Problem requirements
The listing below holds pictures; exclude them. Return exactly the lines from the one with "Cute Baby Monkey Face Key Ring (Front)" through the one with "Boys Cute Modern".

Raw data
==========
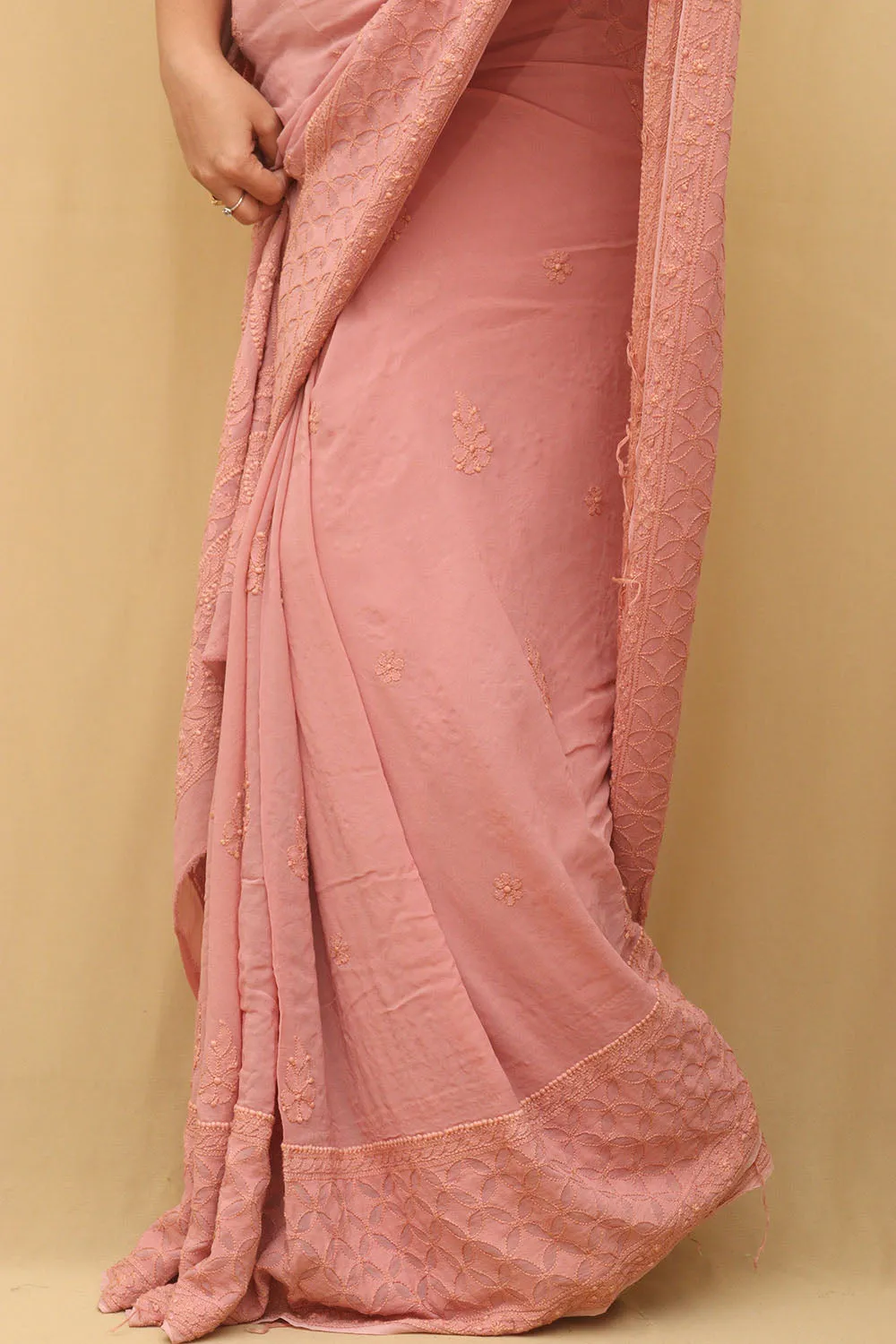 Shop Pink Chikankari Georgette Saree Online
==========
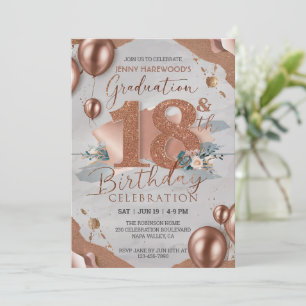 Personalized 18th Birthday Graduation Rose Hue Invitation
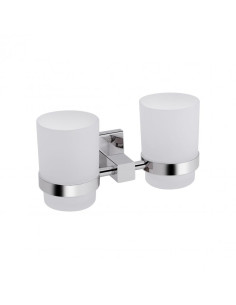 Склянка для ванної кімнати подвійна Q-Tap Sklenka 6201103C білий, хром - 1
==========
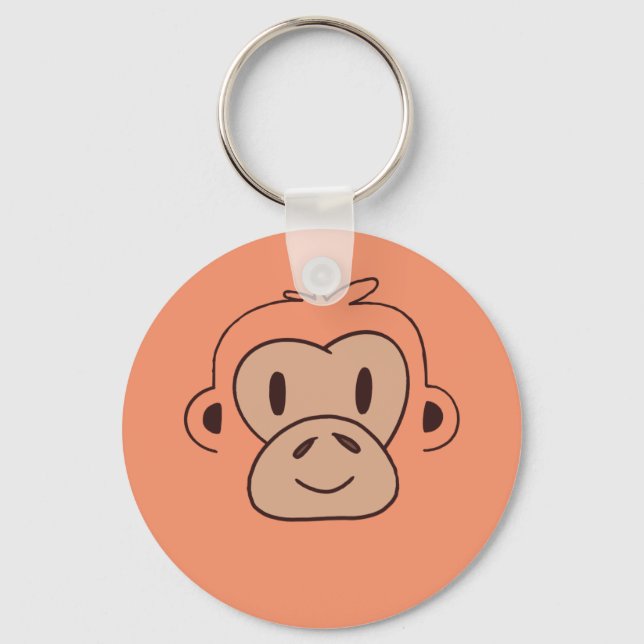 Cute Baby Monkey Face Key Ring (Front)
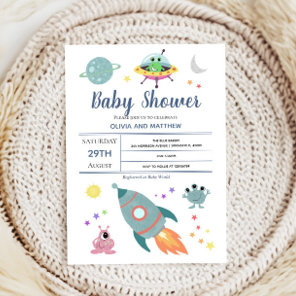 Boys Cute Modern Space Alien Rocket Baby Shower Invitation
==========
Exercise answer
 Cute Baby Monkey Face Key Ring (Front)
 Boys Cute Modern Space Alien Rocket Baby Shower Invitation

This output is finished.